Guided By Voices. I tell people, they’re like The Beatles meet The Sex Pistols.

Jim Croce. As a songwriter, he really commits to the mood of a piece.

CCR-It’s amazing to me that nothing in any song is that remarkable. Not the lyrics, not the playing, not the structures, but somehow they are more than the sum of their parts. It’s still a mystery and colossally impressive.

If you could tour with anyone who would it be?

Probably Springsteen or Petty. I feel like they would have the right balance of knowing how to have fun but always staying professional. Remembering why you’re out there is something that’s hard to teach guys unless they’re already making huge money. At my level, getting guys to pay attention to details on the road can be challenging. Plus I think their fan base would really like Jangling Sparrows.

Describe your songwriting process.

I go for mood, cadence and story. Often time rhyme is sacrificed or juxtaposed if I can get a stronger feeling across without it. I want listeners to be able to smell a song. That’s how far I hope to take them. Often lyrics or a progression will sit around for years until I can find the right match to get the full range of emotional breadth. I’ll have a progression and a melody and think, what is this about. I’ll never just match words to chords just because they’re existing in the same moment.

How did you meet the members of your band?

Ha! Craigslist. No joke. That’s not to say they’re the first I found there, far from it. But by the time I found them, after going through so many guys that talk a good game but don’t deliver, I learned how to hone exactly what I’m asking for. I’m really happy with this unit and hope it sticks around for a while.

Who’s the dream producer you would like to work with?

Whoever did Harvest Moon and some of Neil Young’s Albums after. I think Ben Keith. The ambiance is incredible. It’s like you’re listening to them from the back of a church but everything is still so present. Jimmy Page for the same reason. You can really hear the room on those Zep albums. That’s important to me. My last disc was recorded on reel to reel and you can really hear the warmth. Rick Rubin for his work on Wildflowers.

What do you think musicians can do to make the world a better place?

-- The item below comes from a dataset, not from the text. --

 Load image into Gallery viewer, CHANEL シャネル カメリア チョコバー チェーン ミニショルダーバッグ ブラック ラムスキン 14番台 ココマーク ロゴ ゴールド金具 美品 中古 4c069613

There’s that saying about having to take care of yourself before you can take care of others. But I think in the case of a lot of musicians, that script could use to be flipped.

Musicians can be a self serving lot and I think if we, as a community, can be more, well, community minded, we could really elevate the success of independent artists across the board. In turn, I believe we’d really start seeing that beget itself in how artists approach and release their work to benefit others. Not only could we lift each other up, we could gain power back over big labels and do a lot of positive work from city to city all over. I see some examples of this but by in large, it’s could be a lot better.

How has music made a difference in your life?

Psh, How hasn’t it.  Every good relationship I have, I have through playing music, including my wife. Some of this goes back to the last question. I was part of a great scene in Philly where we really elevated each other. There was no competitiveness or caddy attitudes. That helped me rise and grow, as it did many others. When you do that, you are also making it attractive to a better quality of person looking to break in. And this is what I want to bring to music at an even higher level.

What’s the one word to describe Jangling Sparrows?

Zyfefolk.

It’s roots rock, Americana but it flirts often with 2nd line, ska and zydeco feels. It’s songwriter driven, with good lyrical content but it’s fun.